Norwich charity is helping to make life better for kidney disease patients
PUBLISHED: 15:00 28 March 2011
Archant Norfolk 2010
More than 1,000 people in Norfolk suffer from kidney failure every year and the number of cases in the county is increasing, experts have warned.
The message comes after the United Norwich Kidney Patients Association (UNKPA) hosted a World Kidney Day event at the Forum to raise awareness of the condition and the charity’s work.
At least one in 2,000 people in the UK may be at risk of developing kidney failure, and in Norfolk 677 people are on renal replacement therapy (RRT) and 324 on haemodialysis.
Those receiving dialysis treatment at the hospital have to go three times a week and spend four hours at a time hooked up to the machine.

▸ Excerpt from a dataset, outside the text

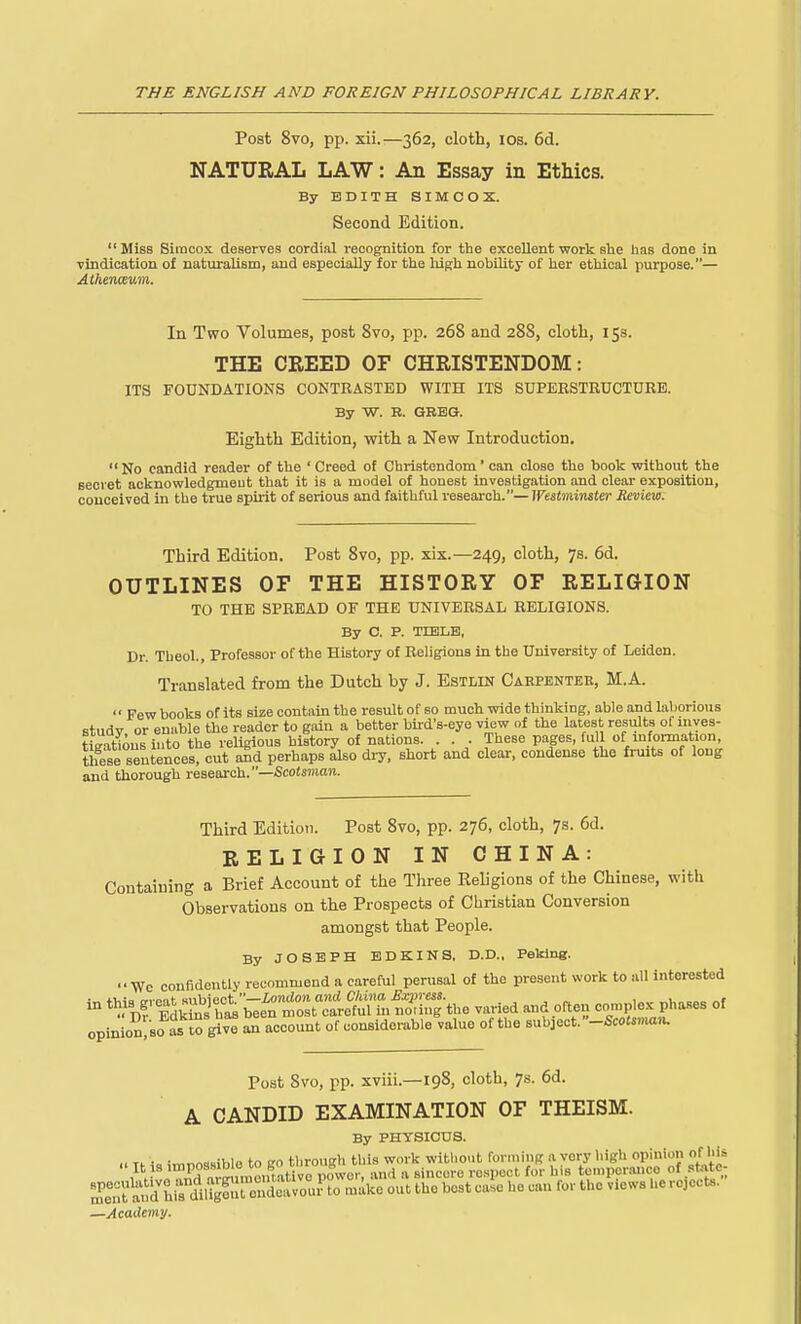 Post 8vo, pp. xii.—362, cloth, los. 6d. NATURAL LAW: An Essay in Ethics. By EDITH SIMCOX. Second Edition.  Miss Simcox deserves cordial recognition for the excellent work she has done in vindication of naturalism, and especially for ttie high nobility of her ethical purpose.— In Tvro Volumes, post 8vo, pp. 268 and 288, clotli, 15s. THE CREED OF CHRISTENDOM: ITS FOUNDATIONS CONTRASTED WITH ITS SUPERSTRUCTURE. By W. B. GREG. Eighth Edition, with a New Introduction.  No candid reader of the ' Creed of Christendom' can close the book without the secret acknowledgmeut that it is a model of honest investigation and clear exposition, conceived in the true spii'it of serious and faithful reseai-eh.— iresimijisJer Review. Third Edition. Post 8vo, pp. xix.—249, cloth, 7s. 6d. OUTLINES OF THE HISTORY OF RELIGION TO THE SPREAD OF THE UNIVERSAL RELIGIONS. By C. P. TDSLB, Dr. Tbeol., Professor of the History of Religions in the University of Leiden. Translated from the Dutch by J. Estlin Caepentee, M.A.  Few books of its size contain the result of so much wide thinking, able and laborious studv or enable the reader to gain a better bii-d's-eye view of the latest results of mves- tieatious into the religious history of nations. . . . These pages, full of mformation, these sentences, cut aSd perhaps also dry, short and clear, condense the fruits of long and thorough research.—Scotsman. Third Edition. Post 8vo, pp. 276, cloth, 7s. 6d. RELIGION IN CHINA: Containing a Brief Account of the Three Religions of the Chinese, with Observations on the Prospects of Christian Conversion amongst that People. By JOSEPH EDKINS, D.D., Peking. We confidently recommend a careful perusal of the present work to all interested - ^l^t^ll^s^^^^^S^ -ried and often complex phases of opinion.so i to give account of considenible value of the subject.-Scoto»iu Post 8vo, pp. xviii.—198, cloth, 7s. 6d. A CANDID EXAMINATION OF THEISM. By PHYSICDS. Tf i« impossible to go tlirough this work without forming a very high opinion of hU It IS impossime ou b h ^.^^^^.^ respect for his temperance of st«te m^'e^Tt ^'d hi^diligfnt end^^^ make out the best case he can for the views he rejects. —Academij.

Those on home dialysis have slightly shorter sessions, normally about three hours, but six times a week.
Kidney disease can affect anybody at any age and often affects people with high blood pressure, diabetes and those with a family history of the condition.
In a bid to make patients’ lives more comfortable, UNKPA helps to provide social events, an annual holiday and televisions at their hospital beds.

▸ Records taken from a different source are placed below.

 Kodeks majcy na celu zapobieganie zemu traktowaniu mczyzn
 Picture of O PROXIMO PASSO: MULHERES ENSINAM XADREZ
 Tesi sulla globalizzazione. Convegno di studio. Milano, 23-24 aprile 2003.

The charity, which is a voluntary organisation and relies on donations and fundraising initiatives, also offers support and advice to those with renal failure and their families throughout the East Anglia region.
Mark Andrews, president of UNKPA and a consultant at the N&N, specialising in renal medicine, said: “The number of people at risk of kidney disease is increasing.
“It still predominates in the elderly, and with an ageing population more people are at risk of disease.
“It’s not just the elderly, however, it can affect anybody at any age.
“Age itself is no barrier to going on dialysis.”
The average age of kidney disease patients is 60, but the variation is massive, ranging from people in their twenties to those in their late eighties.
One of the problems with the disease is that sufferers do not get symptoms until it is very advanced.
“With kidney failure, you don’t feel the symptoms at all until you’ve got about 20pc of kidney function,” said Dr Andrews.
“There are several risk factors: those with high blood pressure, diabetes and a family history of the disease. Those people in particular should get tested.”
He said people should look after their cardiovascular fitness, not smoke and have a low salt diet to help lower their chances of getting the condition.
A change in kidney function is usually discovered through a routine blood or urine test. If kidney failure occurs, symptoms may include tiredness, swollen ankles, feet or hands, shortness of breath, an increased need to go to the toilet, itchy skin and nausea.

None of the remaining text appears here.